Fill in the blank with the correct answer from the options given below

• A. \(\frac{Q_2}{Q_1}=\frac{R_1}{R_2}\)
• B. \(\frac{Q_2}{Q_1}<\frac{R_1}{R_2}\)
• C. \(\frac{Q_2}{Q_1}>\frac{R_1}{R_2}\)
• D. \(\frac{Q_2}{Q_1}=\frac{R_2}{R_1}\)

Answer 1

The Correct Option is D

The correct answer is Option 4: Q₁/Q₂ = R₁/R₂ or Q₂/Q₁ = R₂/R₁.

Here's the explanation:

When two charged metallic spheres are brought into contact, they reach an equilibrium state where their potentials are equal. This is because charge flows from the sphere with higher potential to the sphere with lower potential until the potentials are the same.
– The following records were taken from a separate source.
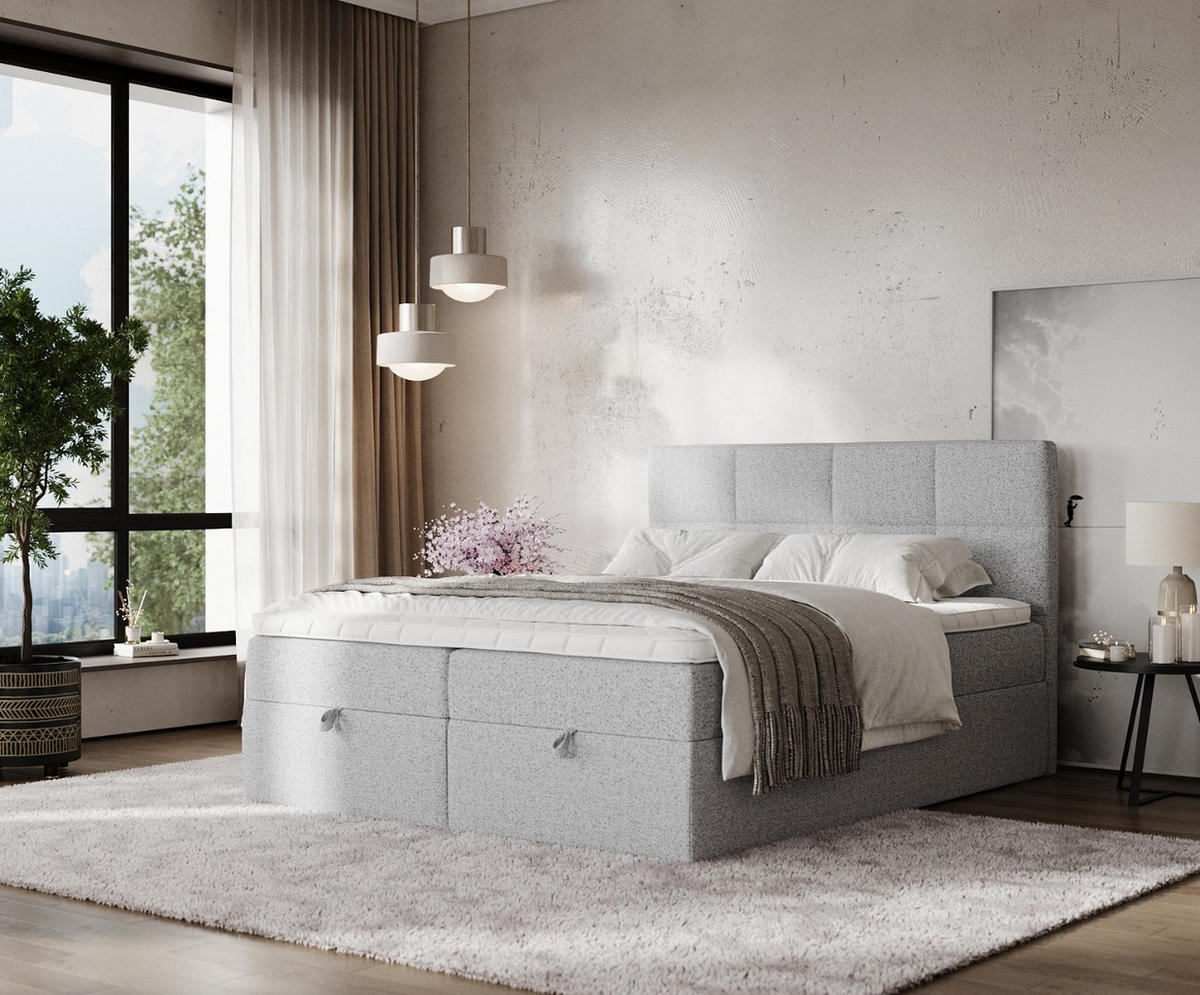 BOXBETT Velto 200/200 cm Grau im Riva Stoff - Schwarz/Grau, Holz/Holzwerkstoff (200/200cm) - AltaBeds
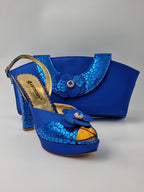 Royal Blue Double Platform Heels - Italian Women's Heels - Classic Shoes London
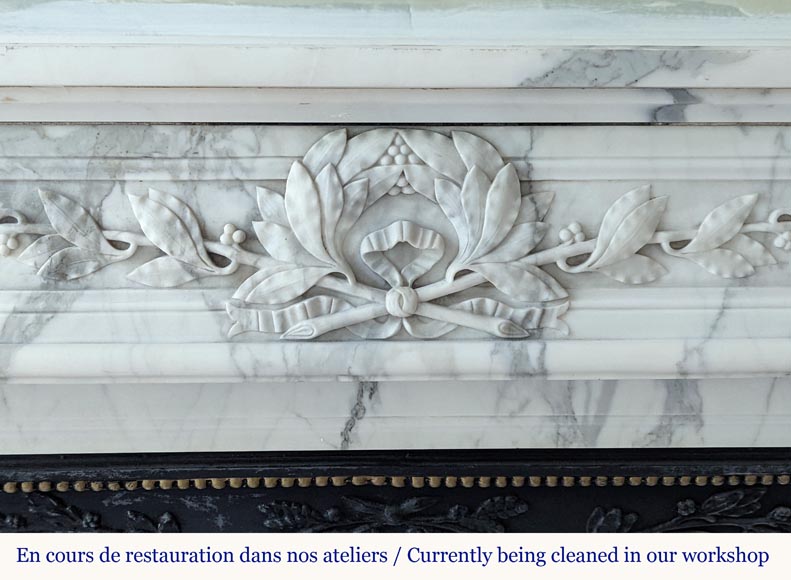 Beautiful curved Louis XVI style mantel in Arabescato marble with a laurel leaves crown-1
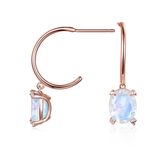 Claw-set Oval Moonstone Huggie Earrings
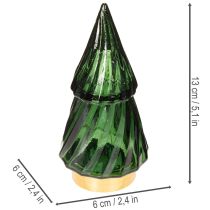 Artículo Árbol de Navidad de cristal con luces LED, decoración de mesa, Navidad, 13 cm, 2 piezas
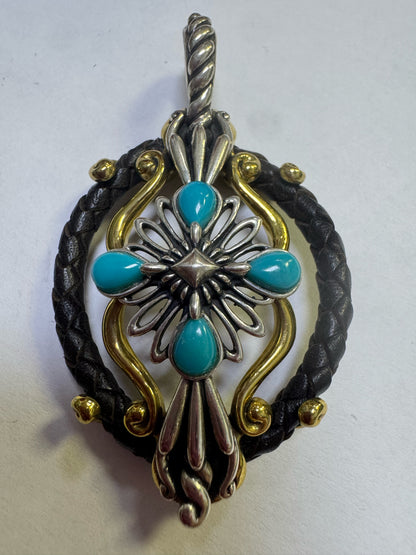 Carolyn Pollack Sterling Silver &  Brass Turquoise Enhancer Pendant 2.75" x 1.5"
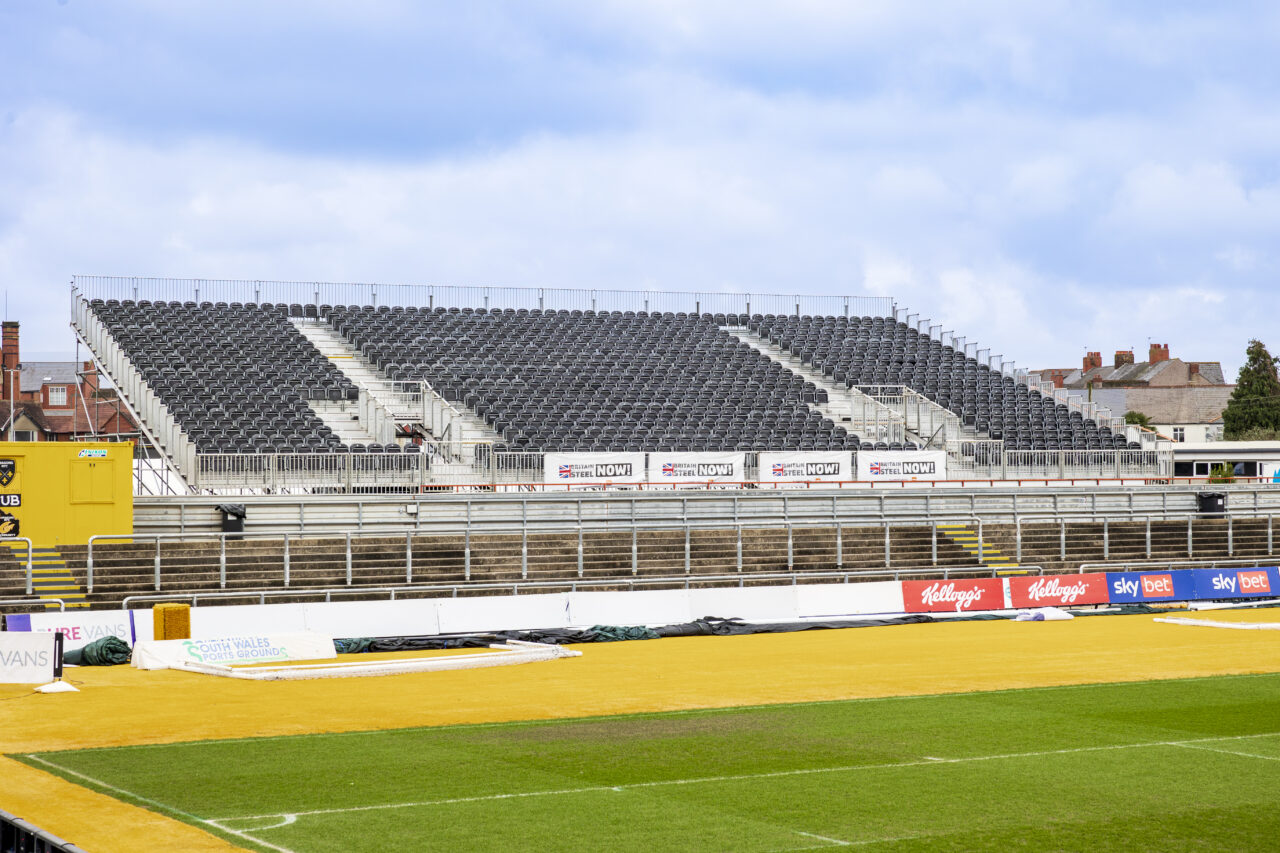 Additional seating at Newport Rodney Parade for FA cup match against Manchester United, supplied by GL events UK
The potential (V) of a charged sphere is given by:

V = kQ/R

Where:

• V is the potential
• k is Coulomb's constant
• Q is the charge on the sphere
• R is the radius of the sphere

When the spheres are in contact, their potentials are equal:

V₁ = V₂

Therefore:

kQ₁/R₁ = kQ₂/R₂

We can cancel k from both sides:

Q₁/R₁ = Q₂/R₂

Rearranging to find the ratio of charges:

Q₁/Q₂ = R₁/R₂

Q₂/Q₁ = R₂/R₁

Thus, the ratio of the final charges on the two spheres is directly proportional to the ratio of their radii.

Therefore, the correct answer is:

Option 4: Q₂/Q₁ = R₂/R₁